BEGIN RECORDS TO USE

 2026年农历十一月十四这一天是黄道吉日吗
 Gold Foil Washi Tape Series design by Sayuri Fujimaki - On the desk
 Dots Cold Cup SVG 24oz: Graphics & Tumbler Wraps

END RECORDS TO USE
BEGIN RECORDS TO USE

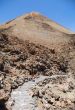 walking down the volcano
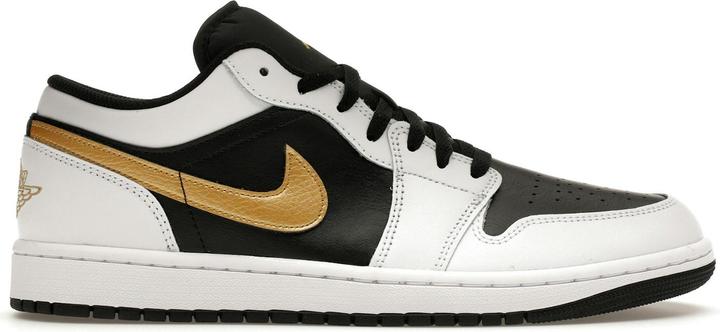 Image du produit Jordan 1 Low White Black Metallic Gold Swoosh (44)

END RECORDS TO USE

> **PROBLEM**: In the listing above, find the line holding "2026年农历十一月十四这一天是黄道吉日吗" and the line holding "Dots Cold Cup", then output those two lines and every line between them exactly.

> **REPLY TO THE TASK**:
 2026年农历十一月十四这一天是黄道吉日吗
 Gold Foil Washi Tape Series design by Sayuri Fujimaki - On the desk
 Dots Cold Cup SVG 24oz: Graphics & Tumbler Wraps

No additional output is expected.